=== Section Start ===
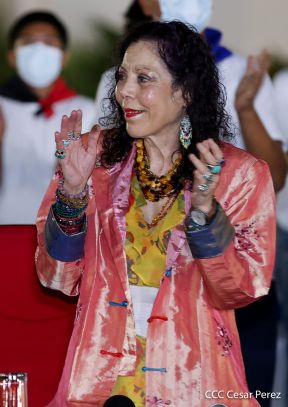 Conmemoración del 45 aniversario del tránsito a la inmortalidad del Comandante Carlos Fonseca Amador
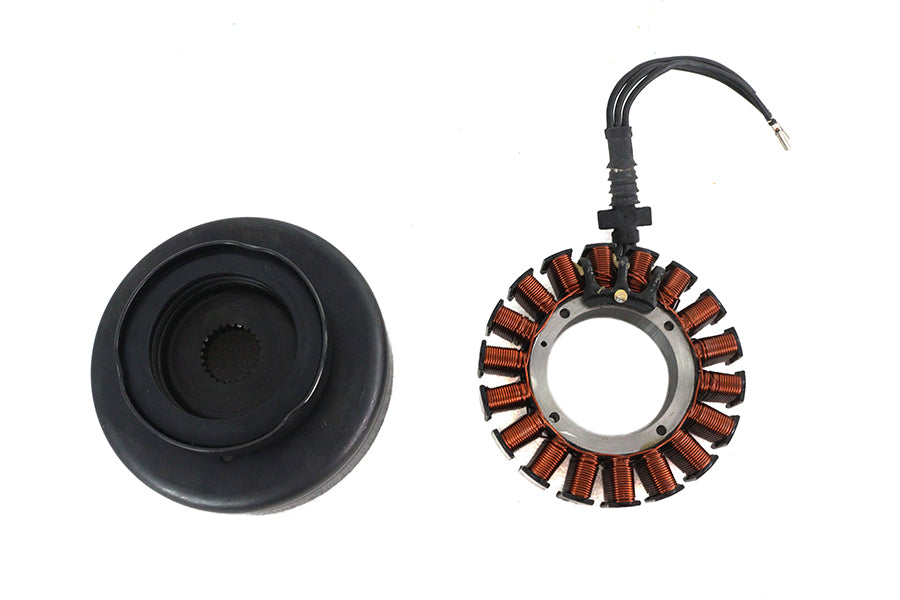 Alternator Stator And Rotor Set For Harley-Davidson Dyna 2006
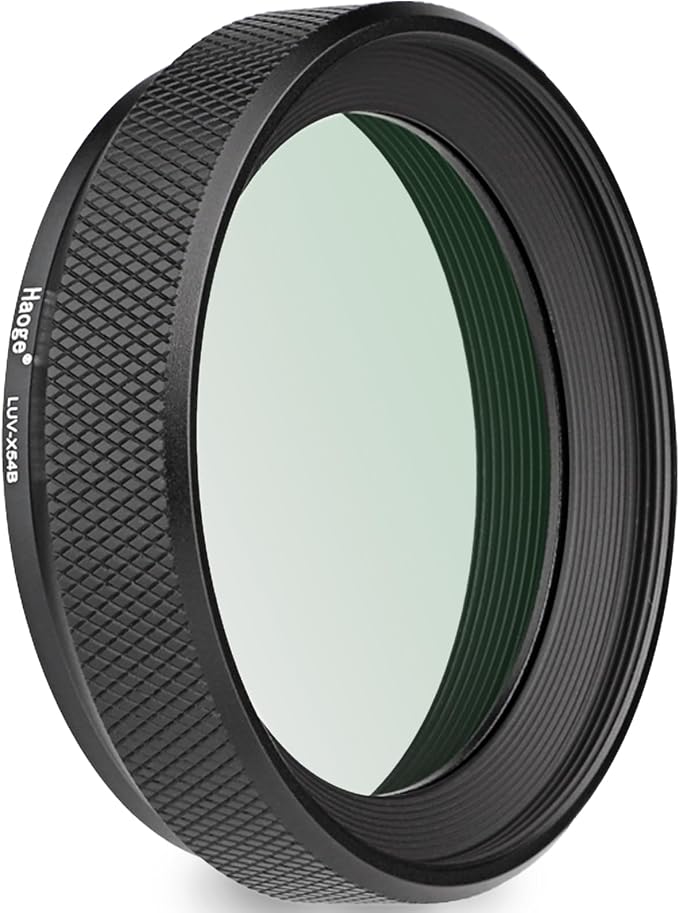 Haoge LUV-X54B Metal Lens Hood by haoge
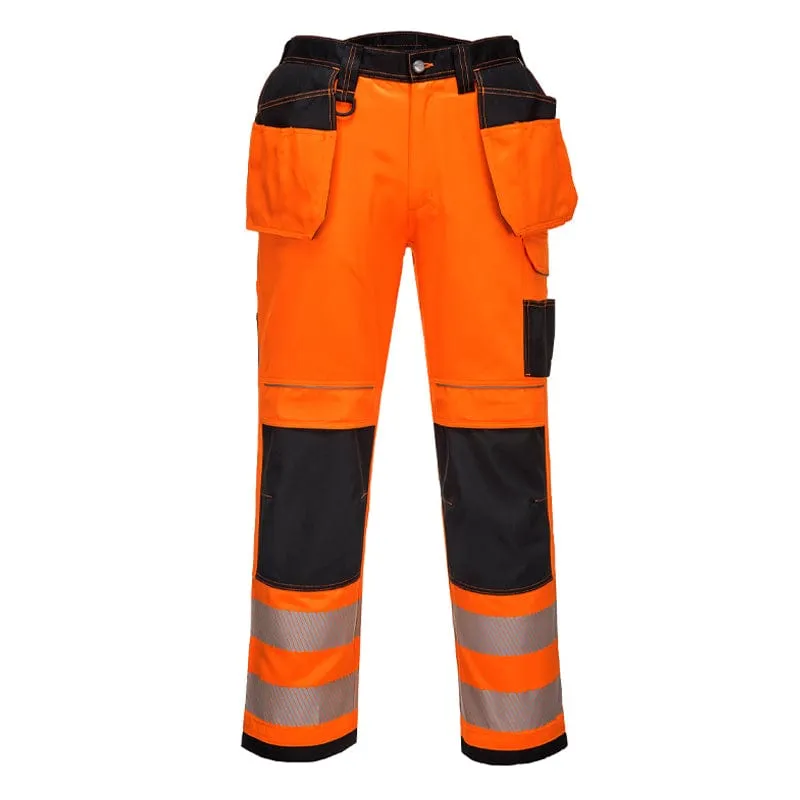 Portwest PW3 Hi-Vis Holster Work Trouser T501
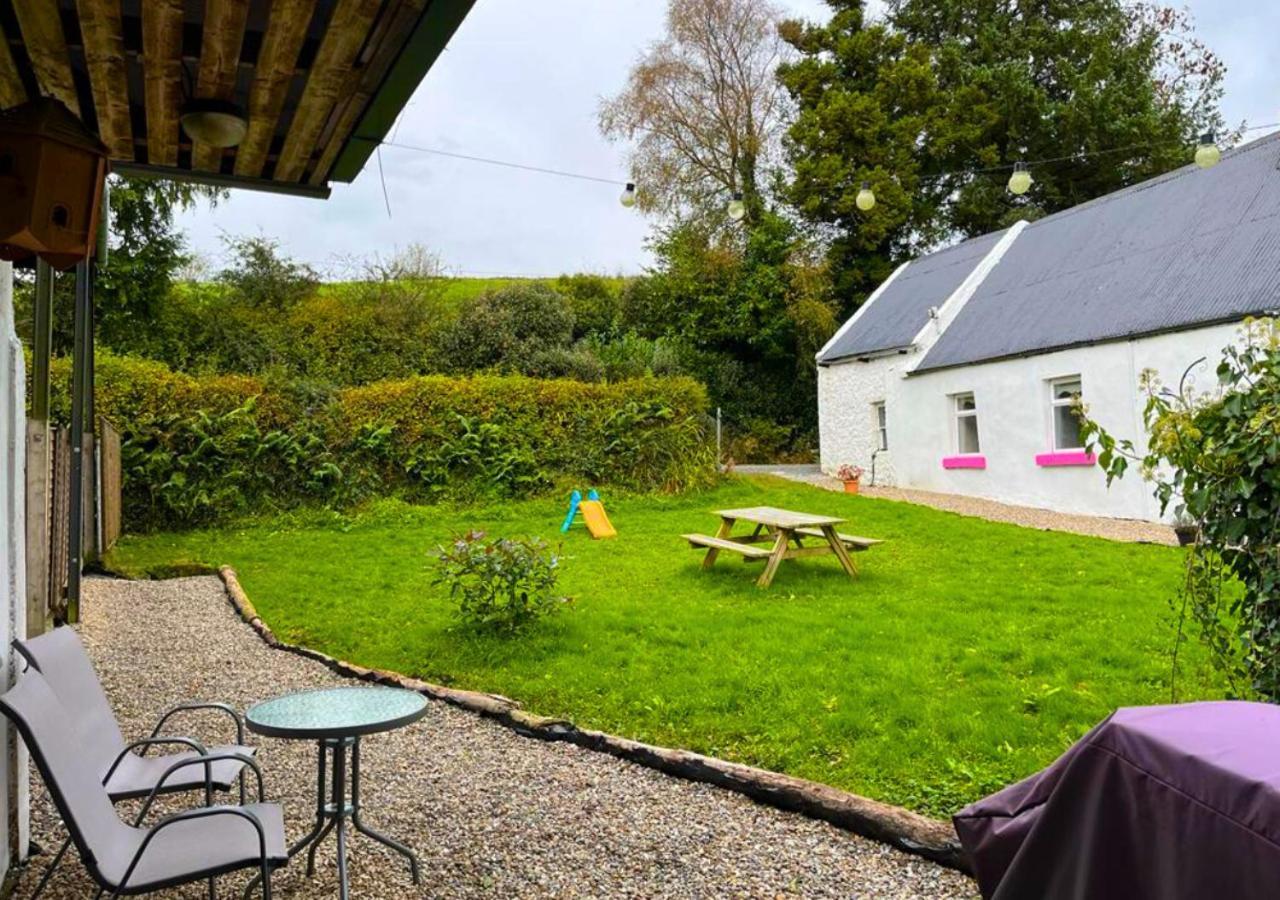 Corderry Farmhouse, Idyllic Cottage Amid 250 Acres Lisvernane 외부 사진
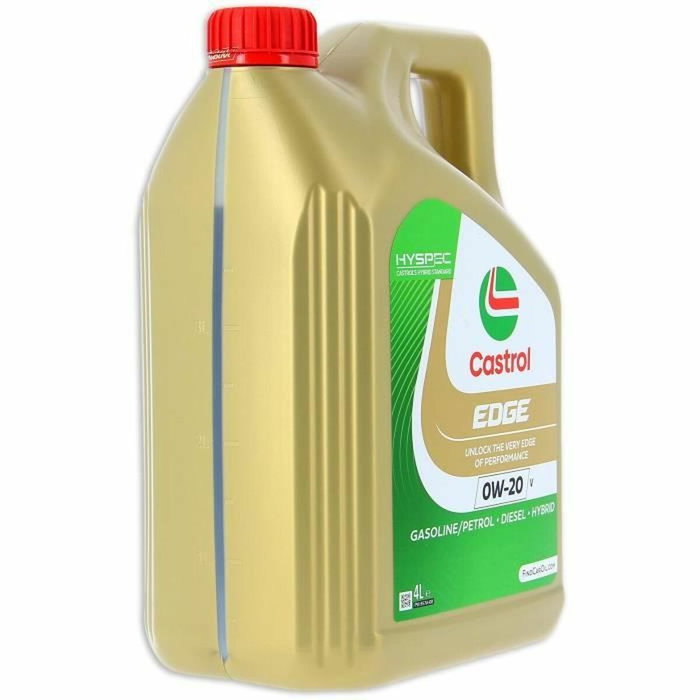 Castrol EDGE 0W-20 V 4L Castrol EDGE 0W-20 V 4L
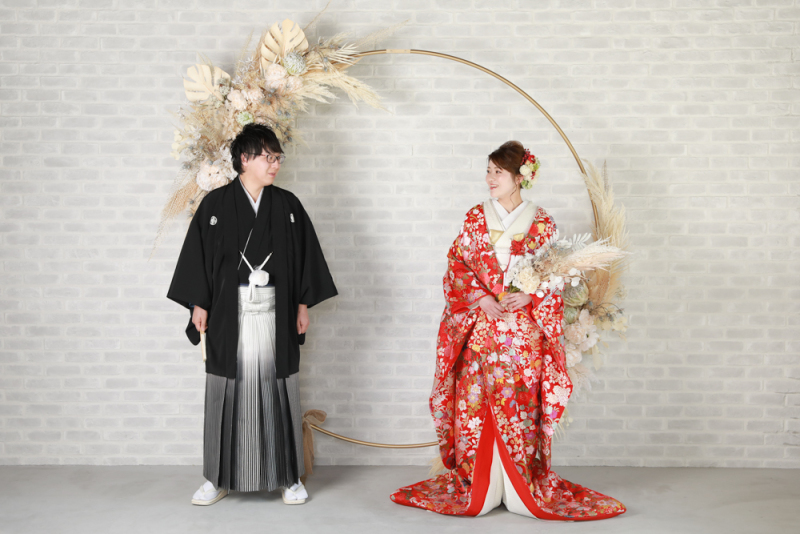 色打掛・紋服ショット　４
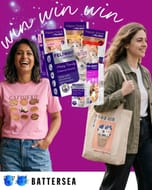 Win a T-Shirt in Your Requested Size, a Tote Bag & a FELIWAY Bundle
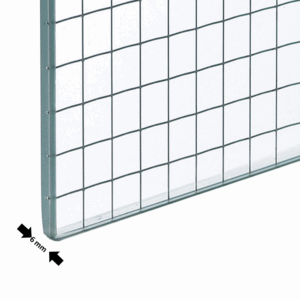 Cristal Enmallado para Puerta de Emergencia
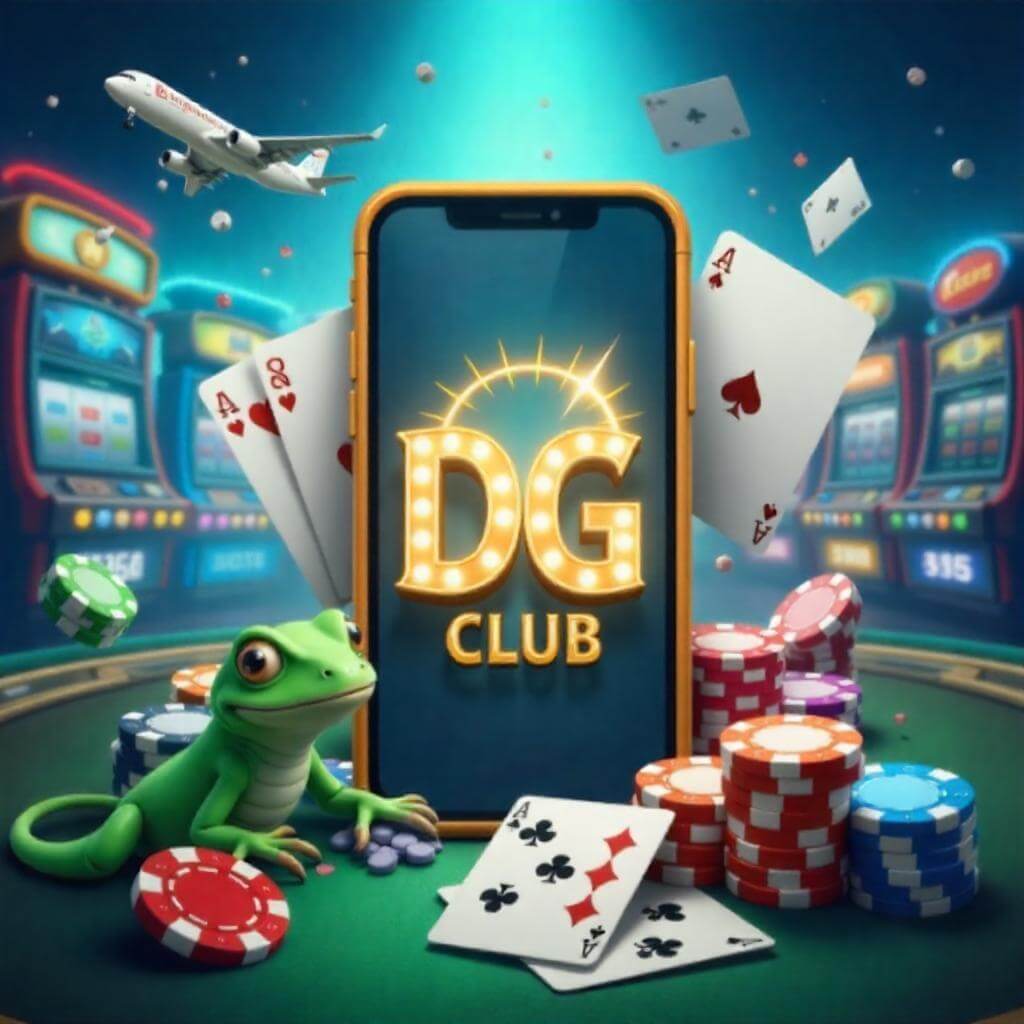 DG Club Game Home Screen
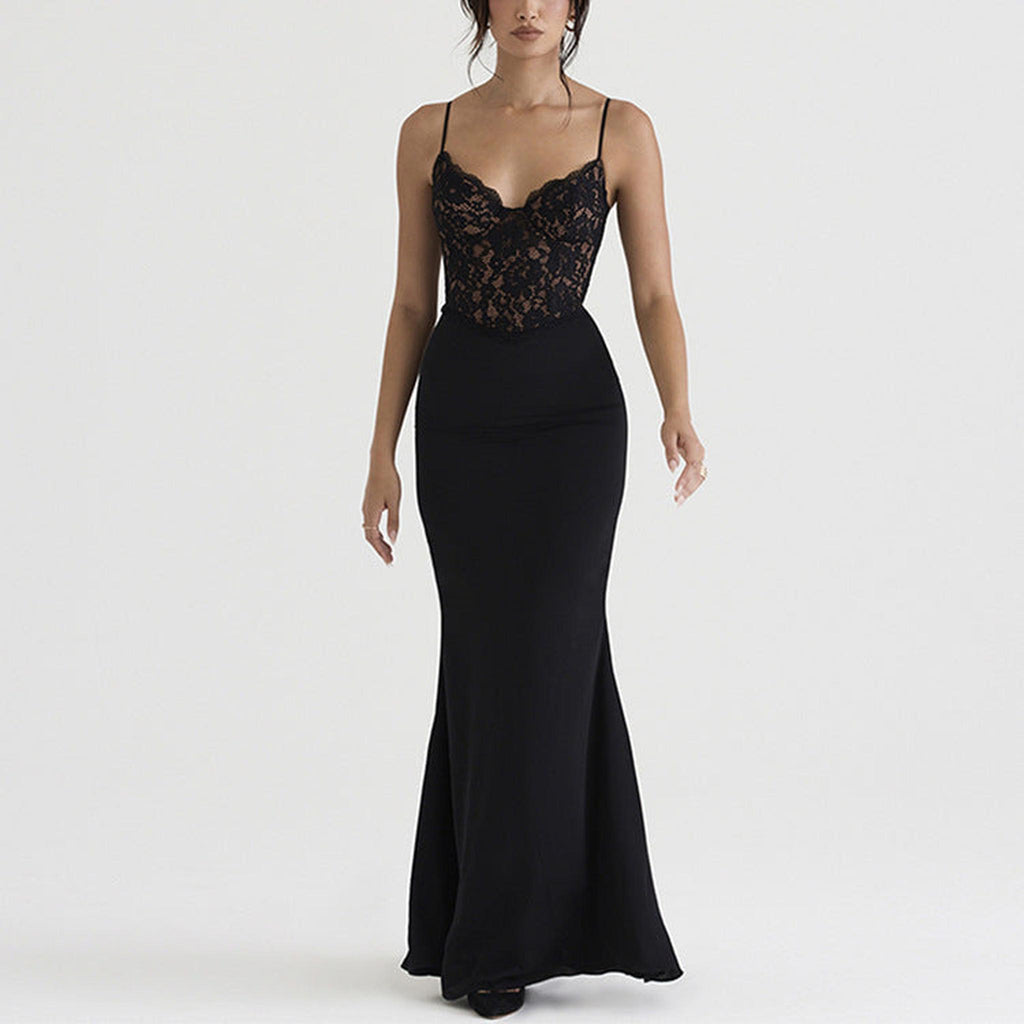 Horizon Essentials | Lace High Waist Fishtail Gown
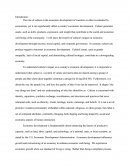 The Role Of Culture In The Economic Development Of Countries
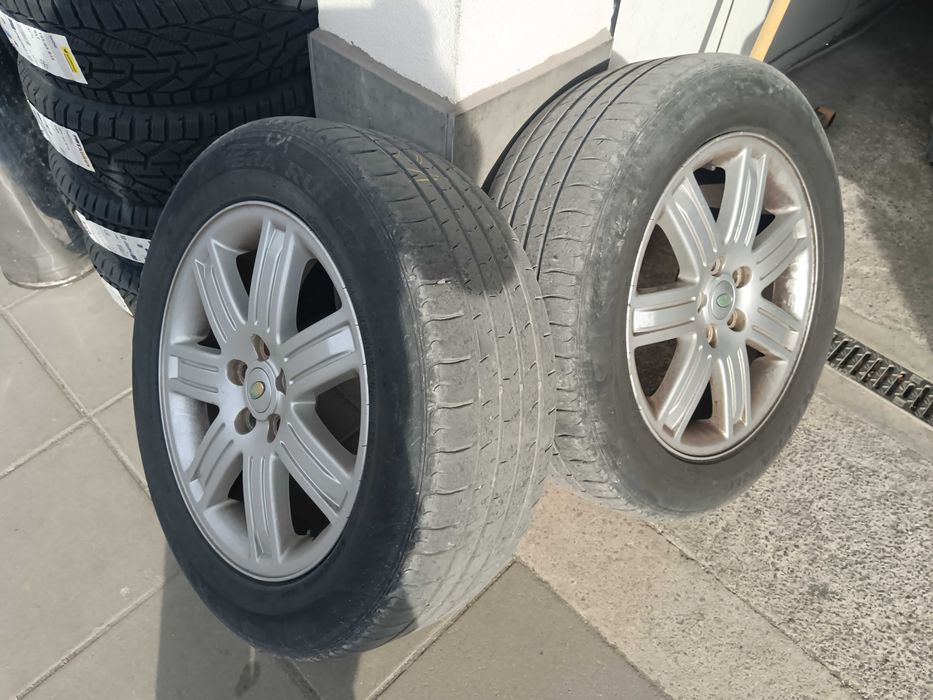 Джанти с гуми 255 55 19 range rover bmw 5x120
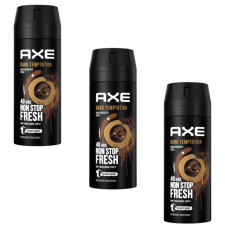 Axe Axe Dezodor Dark Temptation 3x150ml dezodor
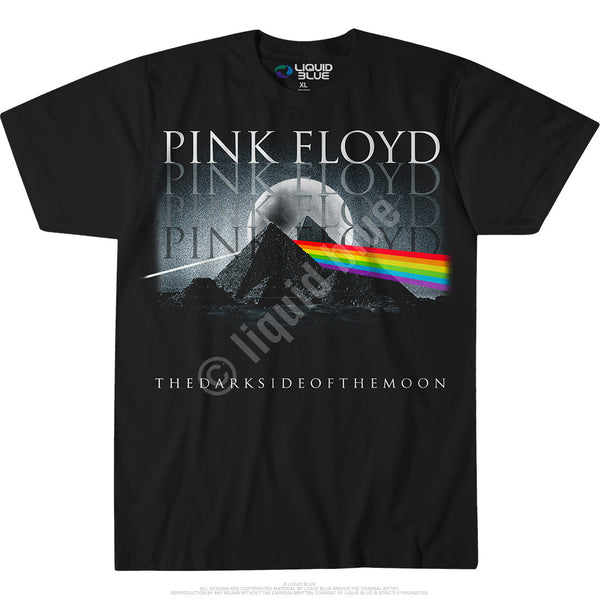 Pyramid Spectrum Black T-Shirt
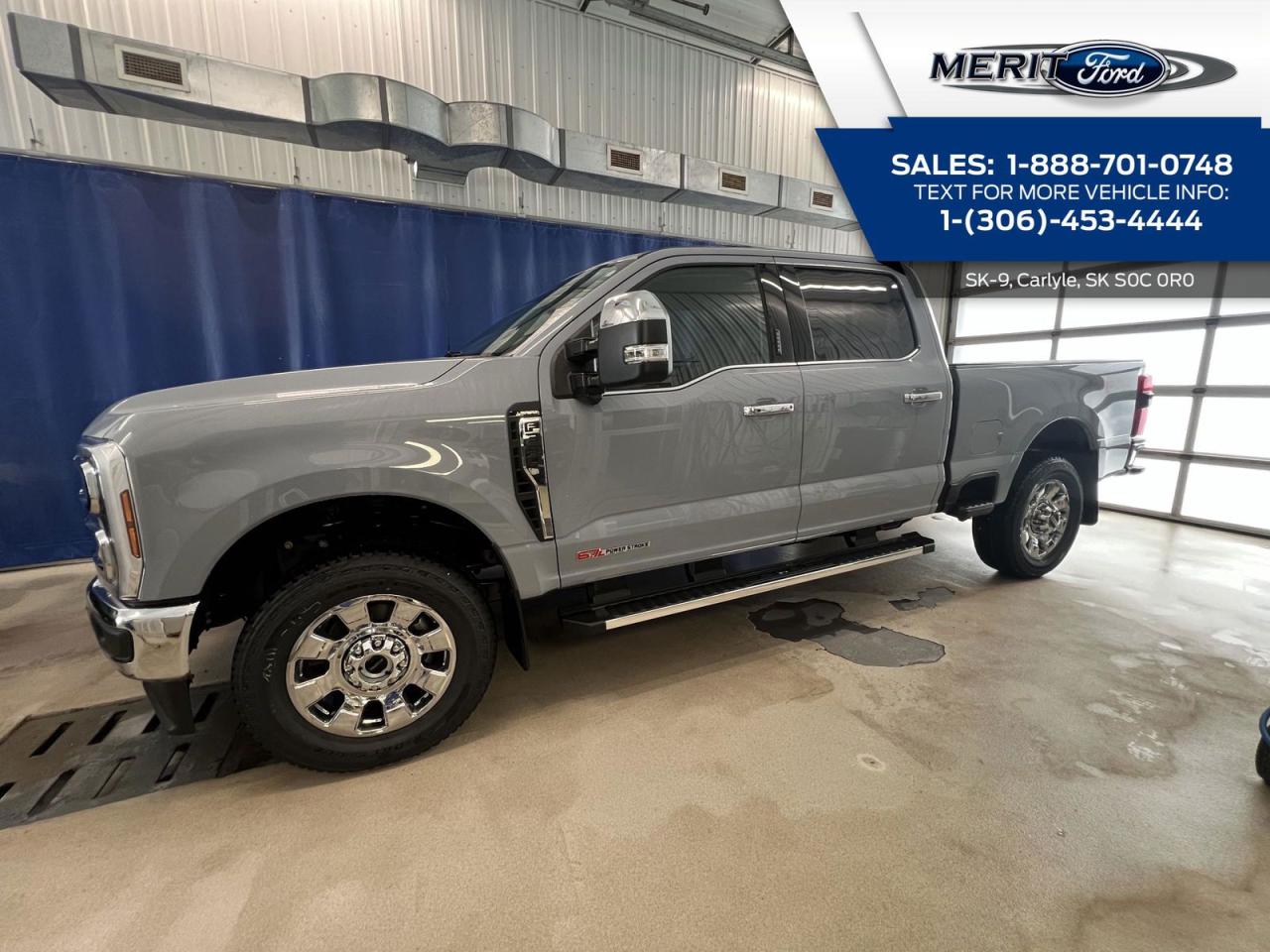 New 2024 Ford Super Duty F-350 SRW LARIAT - 4x4, Crew for sale in Carlyle, SK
=== Section End ===
**Problem statement:**
Where the data contains an image, skip the image and copy everything else exactly as it appears.

**Your response:**
 Conmemoración del 45 aniversario del tránsito a la inmortalidad del Comandante Carlos Fonseca Amador
 Alternator Stator And Rotor Set For Harley-Davidson Dyna 2006
 Haoge LUV-X54B Metal Lens Hood by haoge
 Portwest PW3 Hi-Vis Holster Work Trouser T501
 Corderry Farmhouse, Idyllic Cottage Amid 250 Acres Lisvernane 외부 사진
 Castrol EDGE 0W-20 V 4L Castrol EDGE 0W-20 V 4L
 色打掛・紋服ショット　４
 Win a T-Shirt in Your Requested Size, a Tote Bag & a FELIWAY Bundle
 Cristal Enmallado para Puerta de Emergencia
 DG Club Game Home Screen
 Horizon Essentials | Lace High Waist Fishtail Gown
 The Role Of Culture In The Economic Development Of Countries
 Джанти с гуми 255 55 19 range rover bmw 5x120
 Axe Axe Dezodor Dark Temptation 3x150ml dezodor
 Pyramid Spectrum Black T-Shirt
 New 2024 Ford Super Duty F-350 SRW LARIAT - 4x4, Crew for sale in Carlyle, SK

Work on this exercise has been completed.